Sunday, June 26, 2016

Keepin it Real

Hey y'all! It's been a LONG time since my last post. Honestly, life has gotten busy and I haven't had as much time to think through things - I'm not going to post for posts sake. One of the things that I've been grappling with lately is what I really want to do with my life. Everyone makes it sound so simple - have a family, a career, travel the world, etc. That isn't really what I'm talking about, though those are great goals to aspire to - I'm talking about what do you want to do day to day to be happy and fulfilled. THAT is a much harder question. The thing that makes it so hard is that you THINK certain things will make you happy and they do, but the over time, it becomes another chore in life.

Personally, I struggle with the whole closure thing. I'm not good at knowing that something good has run its course and having the courage to walk away. I'm always trying so hard to hold onto every little positive thing or success that sometimes I hold on too tightly and end up stressing myself out. I also loathe the phrase "Are you stressed? when my entire life is stress. It might not be stress about my survival, more like, self imposed stress. I'm trying to do a good job with everything I do and make sure I can balance my many commitments. I'm digressing, but I wanted to make that point - life is stress for me.

Back to my earlier point, how do you know when to walk away from something and try something new? What would that something new be? Well, as I said, I'm not the best at identifying that. Typically, something happens that forces me into a new position. I'll admit, the biggest obstacle is overcoming my own fear. Even if things are going badly, I think about that it could be worse and the unknown is worse. That isn't necessarily true, but that's my line of thought. People always say the grass is greener on the other side (until you get to the other side and then it's not as nice as you think it is).

I also struggle with knowing if I'm giving up or not. I'd describe myself as persistent and resilient and I don't want to feel like a quitter. I always am trying to get better and trying to do more, but at what point is that futile? I think that it takes a good look in the mirror and some honest questions - is this helping me or the other party anymore? Is this great job, relationship, hobby, etc. what it should be? If not, is it worth my energy to repair it, or do I need a break or to move on?

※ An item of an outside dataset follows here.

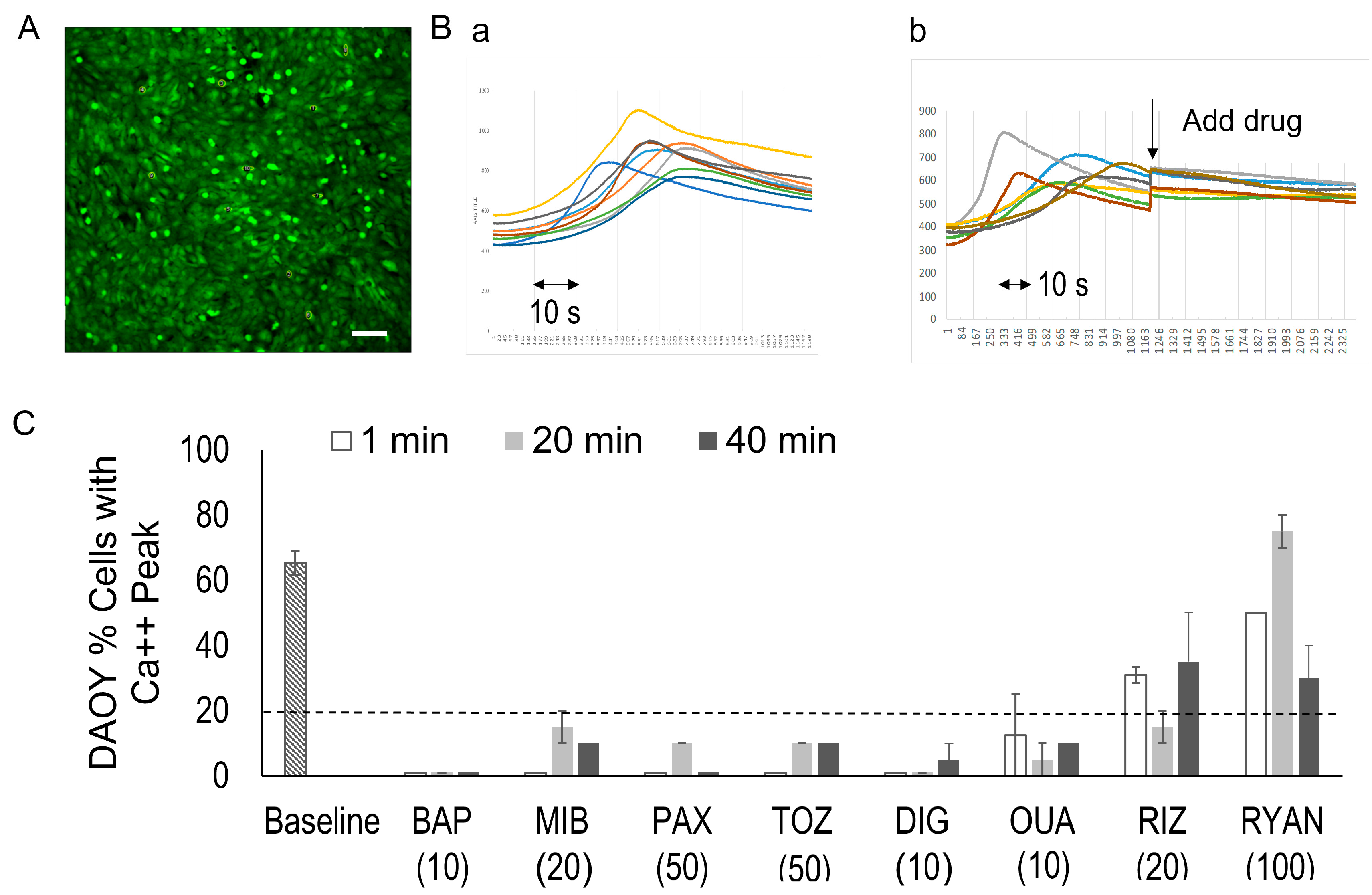Bioengineering 12 00268 g003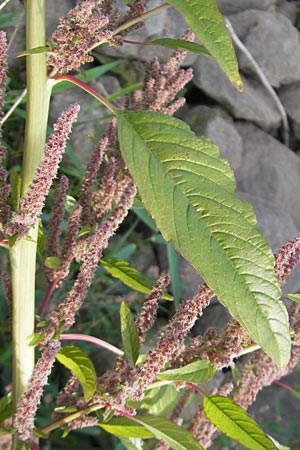 Amaranthus rudis \ Wasserhanf, D Mannheim 19.9.2011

Now, I've admitted I'm not good at this, but one thing I know is that every time I've lost a job or relationship that is stressing me out, I've felt like a huge weight is lifted. I'm upset, sure, but I feel like I'm breathing air rather than drowning in water. Maybe placing yourself on the "greener" side theoretically would help, maybe jumping headfirst in would help.

By doing the above, you can start to get real with yourself. What do you want out of life? What do you want to contribute? What do you hope to see, do, experience? I'm a NOT a planner as it limits me, personally, but a rough understanding of yourself is necessary to be open to opportunities or experiences that will change your life. Keep it real with yourself and your life.